How to complete this task:
Could you retype every line below exactly, omitting the images?

━━ Provided data ━━

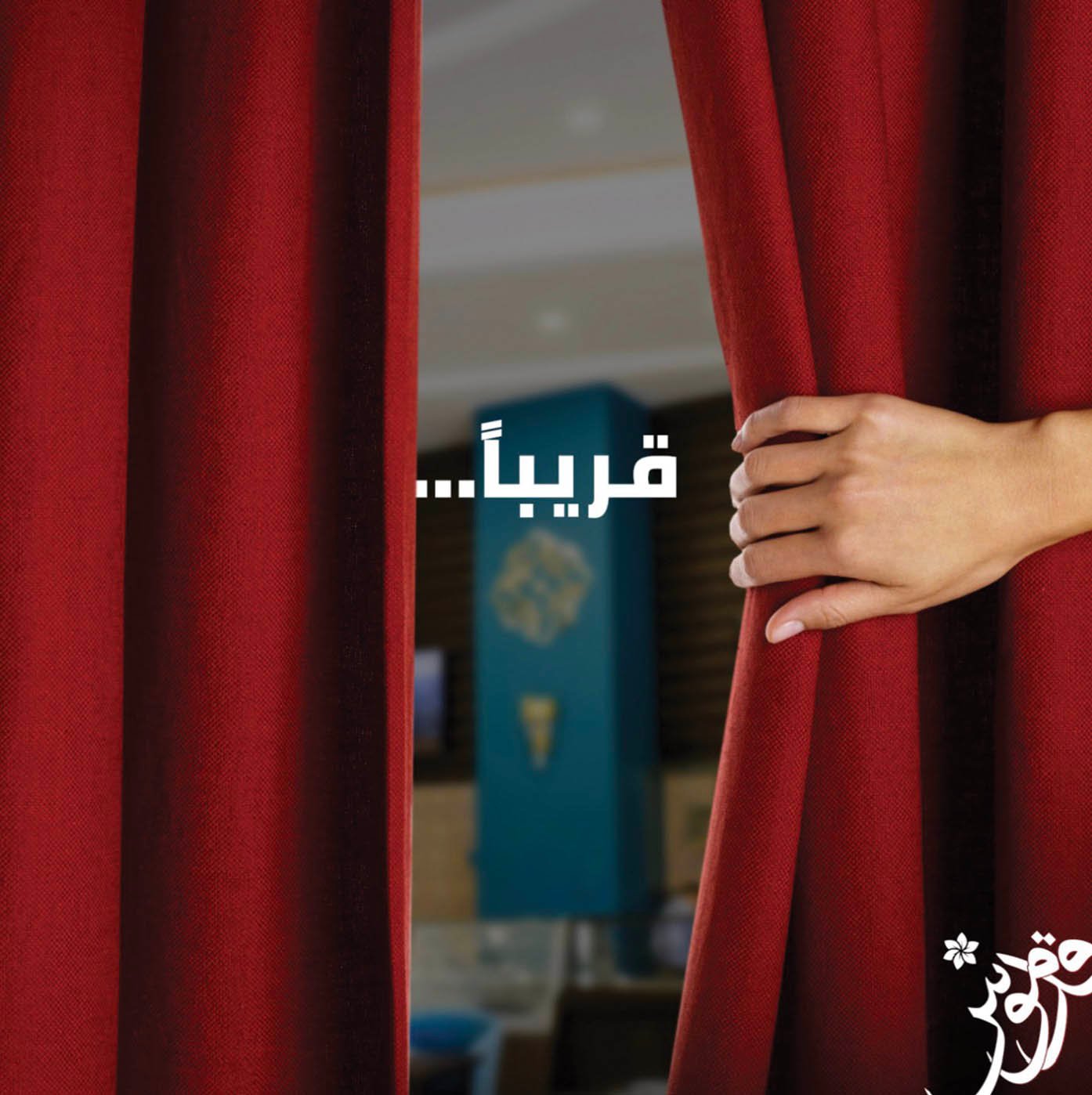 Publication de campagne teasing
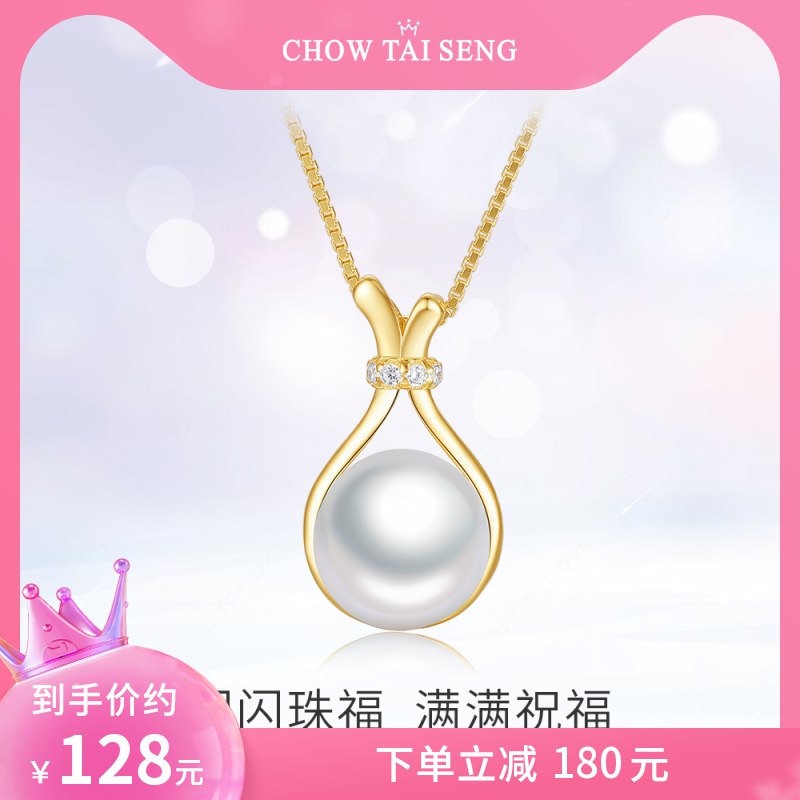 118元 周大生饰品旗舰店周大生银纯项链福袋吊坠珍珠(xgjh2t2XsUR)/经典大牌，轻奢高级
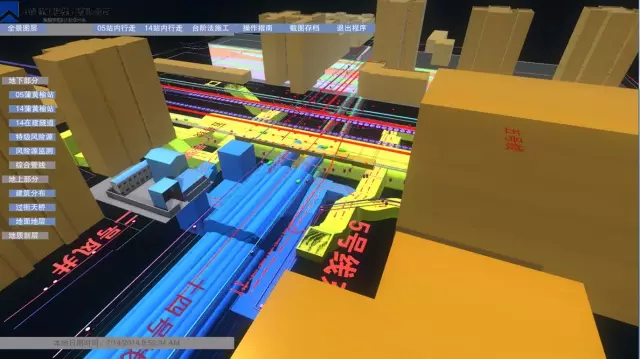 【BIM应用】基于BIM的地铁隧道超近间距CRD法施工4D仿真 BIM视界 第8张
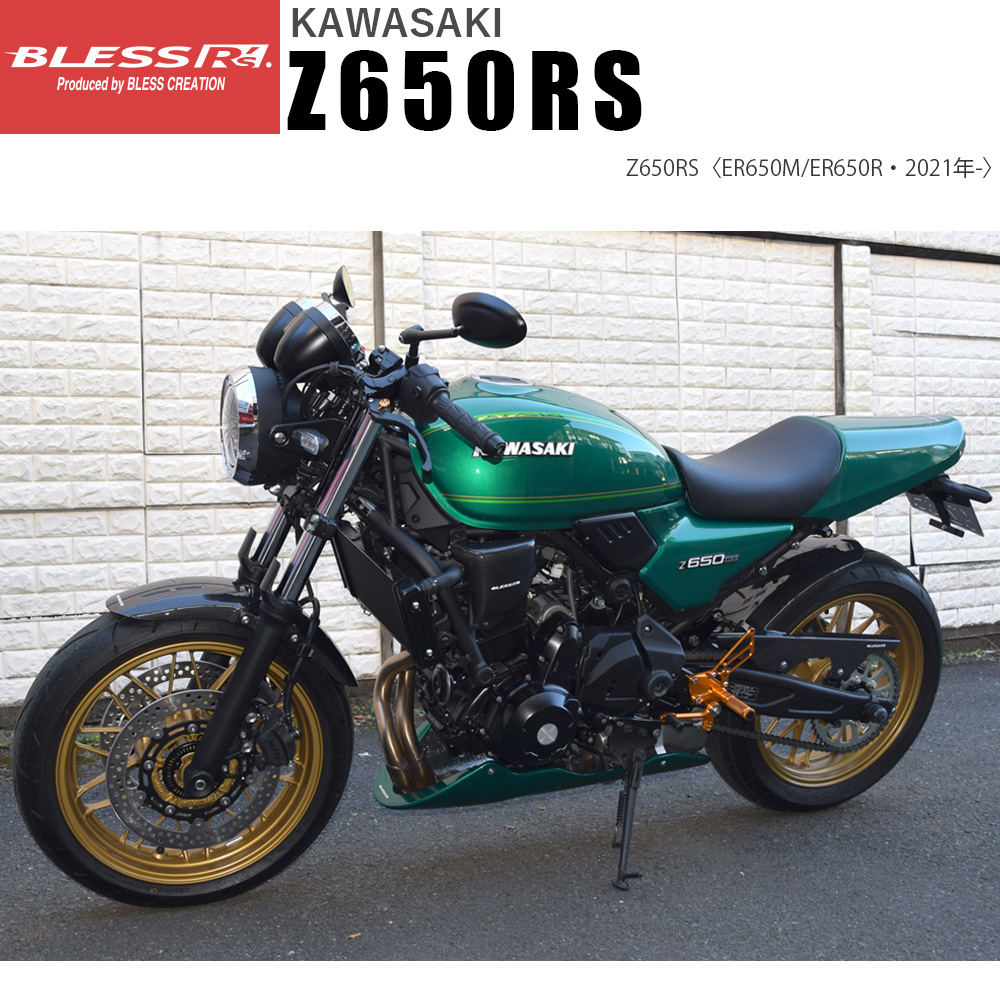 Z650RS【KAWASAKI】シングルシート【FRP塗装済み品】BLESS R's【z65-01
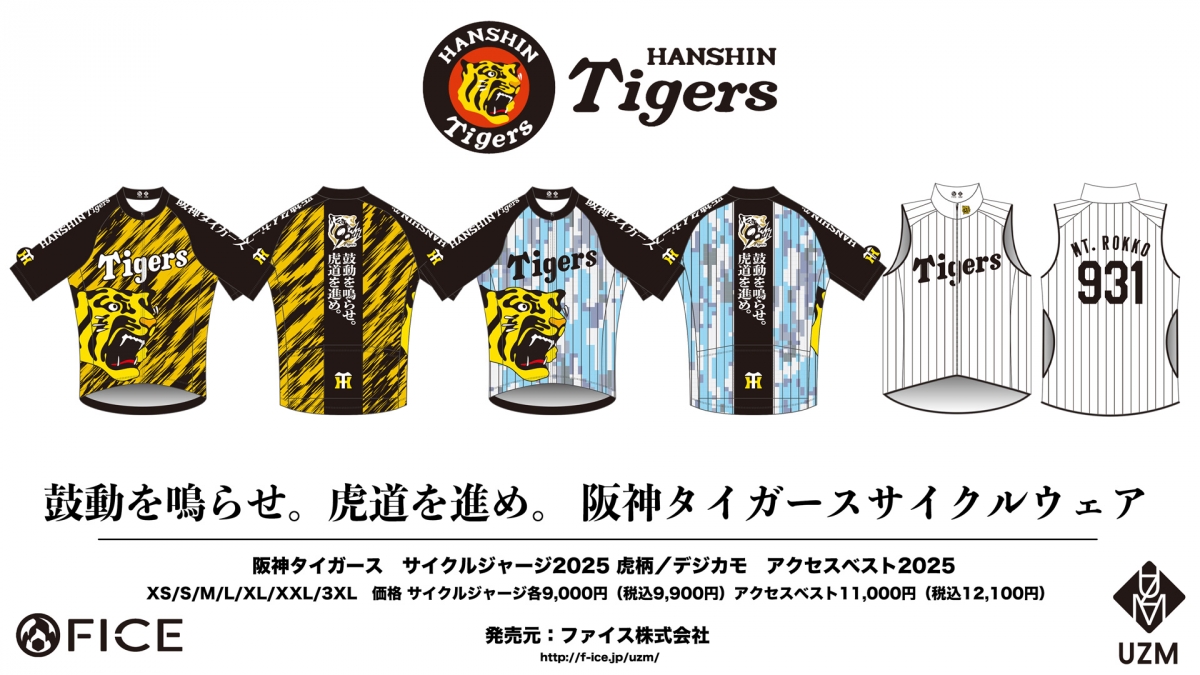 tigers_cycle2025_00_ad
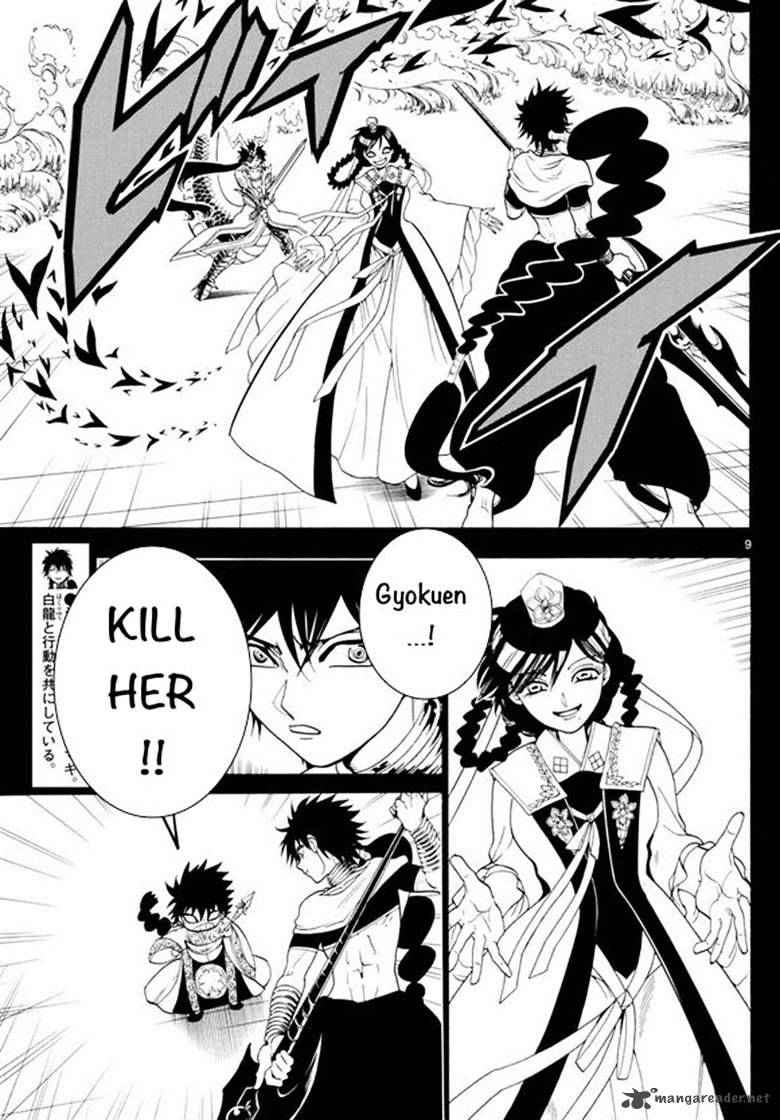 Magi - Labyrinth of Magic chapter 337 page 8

━━━

Answer section:
 Publication de campagne teasing
 118元 周大生饰品旗舰店周大生银纯项链福袋吊坠珍珠(xgjh2t2XsUR)/经典大牌，轻奢高级
 【BIM应用】基于BIM的地铁隧道超近间距CRD法施工4D仿真 BIM视界 第8张
 Z650RS【KAWASAKI】シングルシート【FRP塗装済み品】BLESS R's【z65-01
 tigers_cycle2025_00_ad
 Magi - Labyrinth of Magic chapter 337 page 8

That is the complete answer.